Would you print the lines below exactly, beginning at the line that has "Chloe Tan, Black" and stopping after the line that has "Zennovawear Giovanni Manu"? Only those lines, and no pictures.
===== RECORDS PROVIDED =====
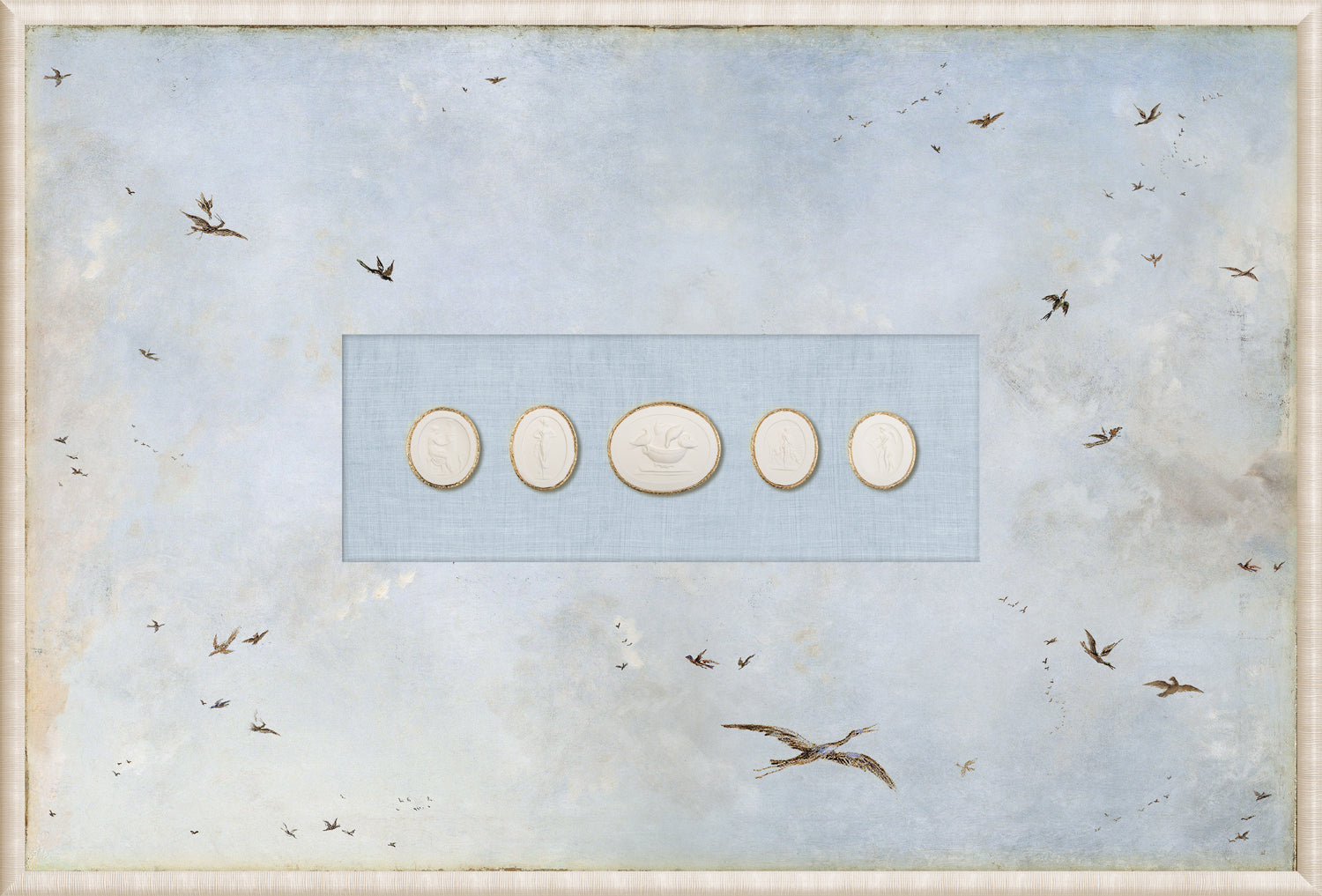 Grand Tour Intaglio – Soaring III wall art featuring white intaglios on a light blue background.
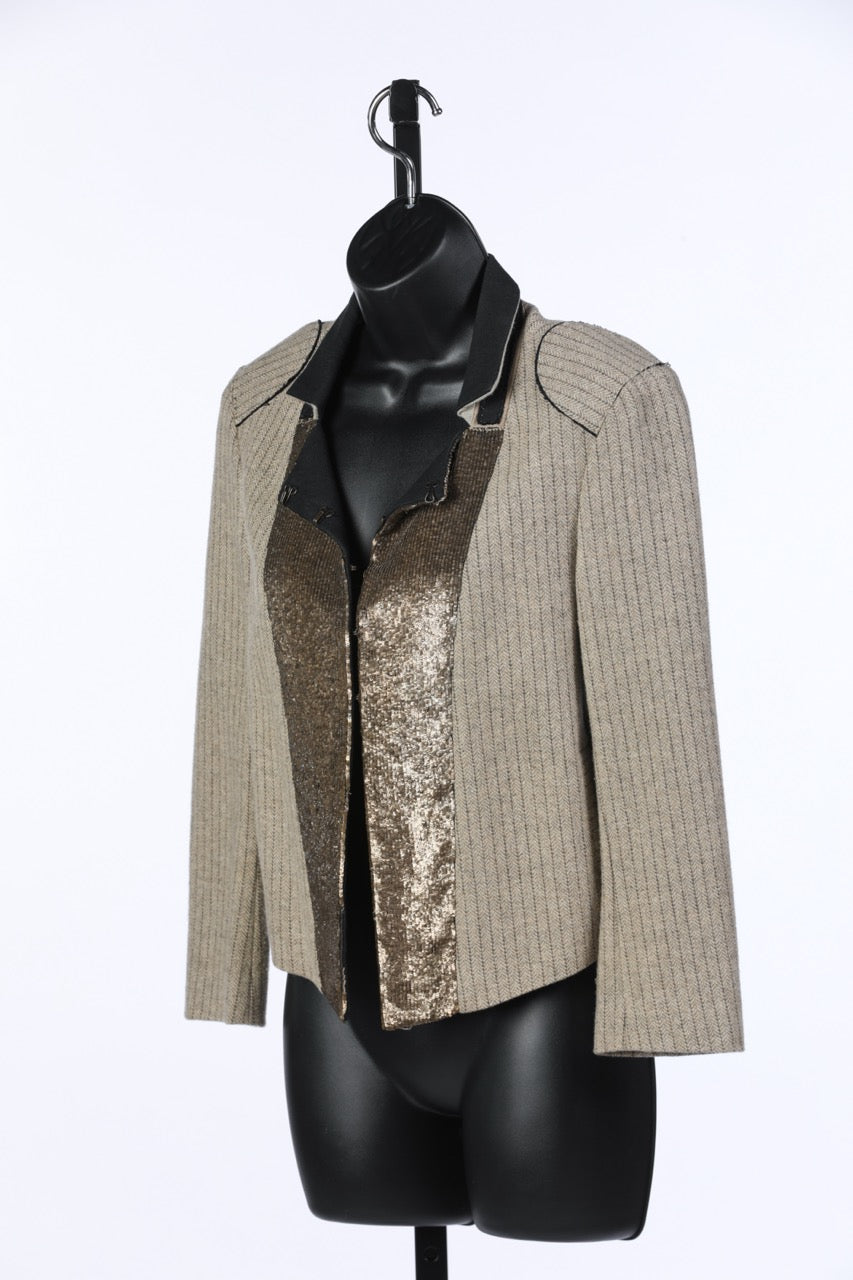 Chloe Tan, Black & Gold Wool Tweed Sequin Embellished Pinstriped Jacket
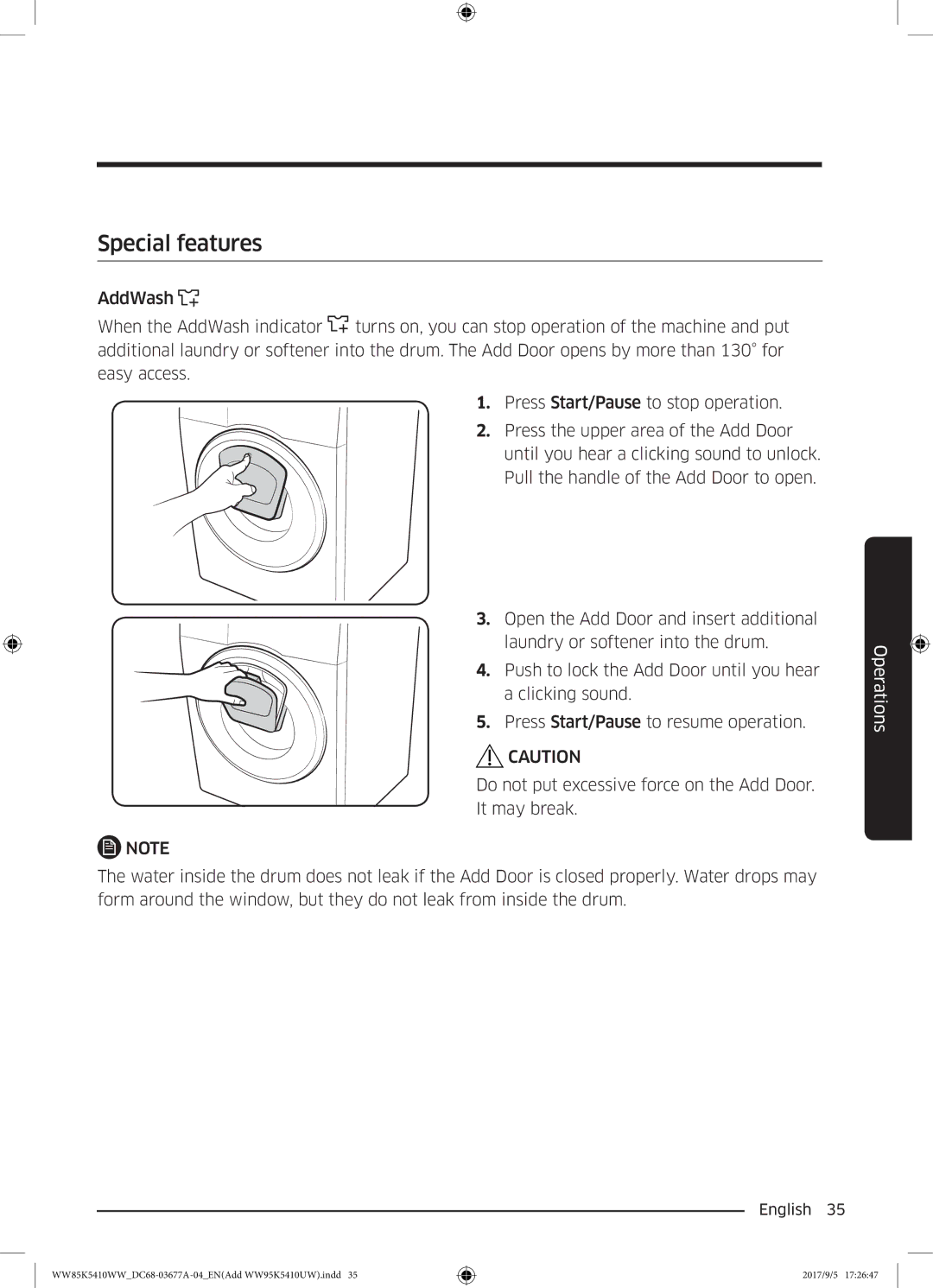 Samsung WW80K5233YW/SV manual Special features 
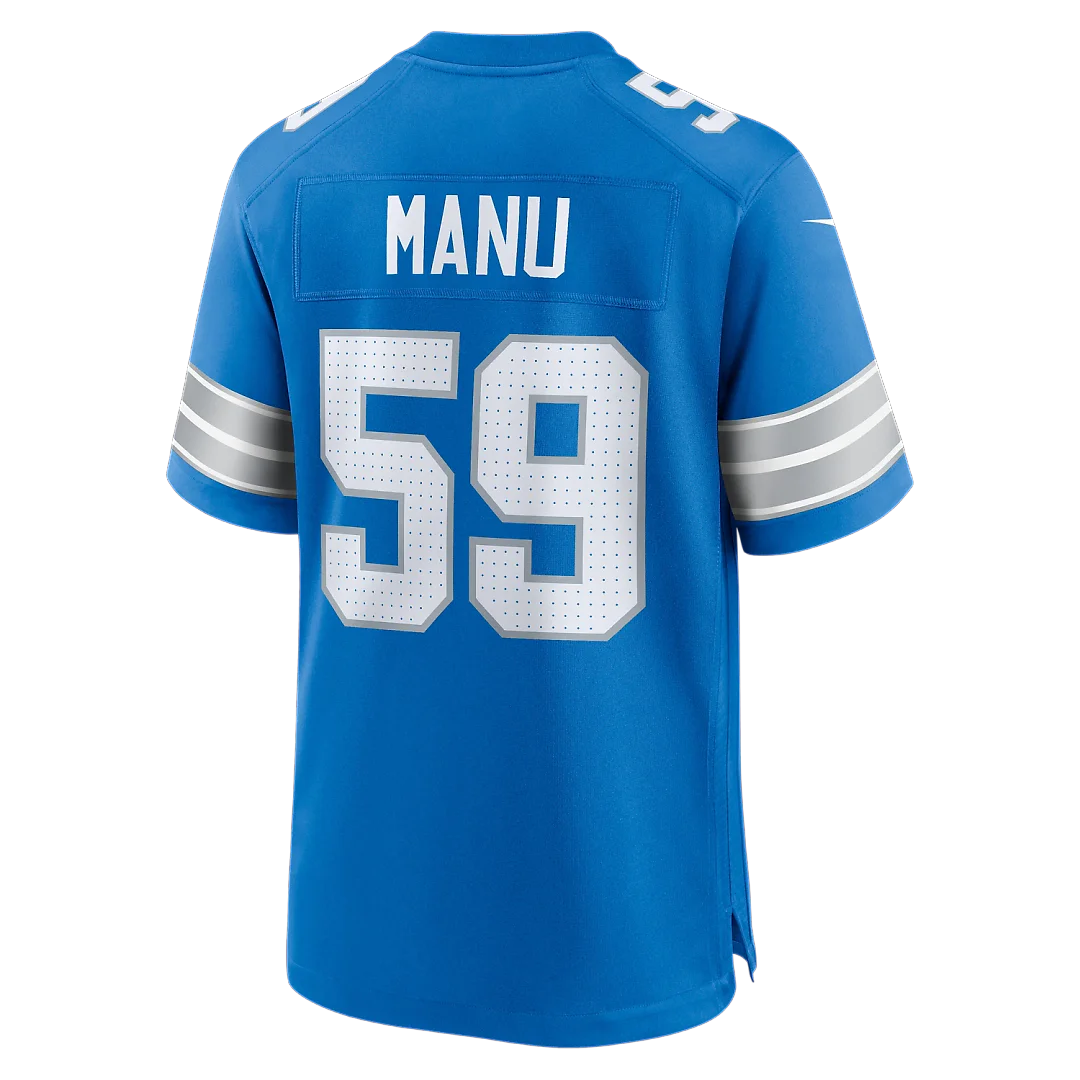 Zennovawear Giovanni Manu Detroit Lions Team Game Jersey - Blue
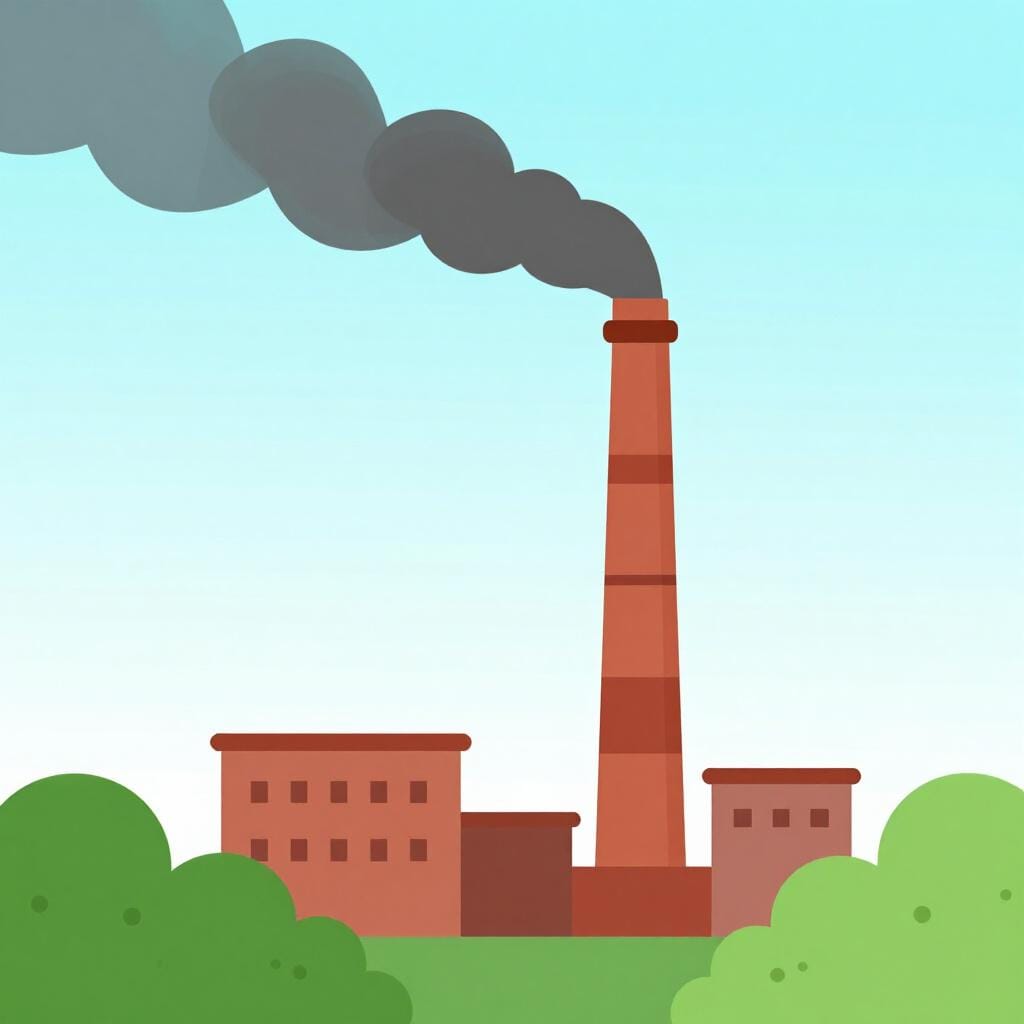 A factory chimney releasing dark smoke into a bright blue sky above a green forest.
=====
EXERCISE SOLUTION:
 Chloe Tan, Black & Gold Wool Tweed Sequin Embellished Pinstriped Jacket
 Samsung WW80K5233YW/SV manual Special features 
 Zennovawear Giovanni Manu Detroit Lions Team Game Jersey - Blue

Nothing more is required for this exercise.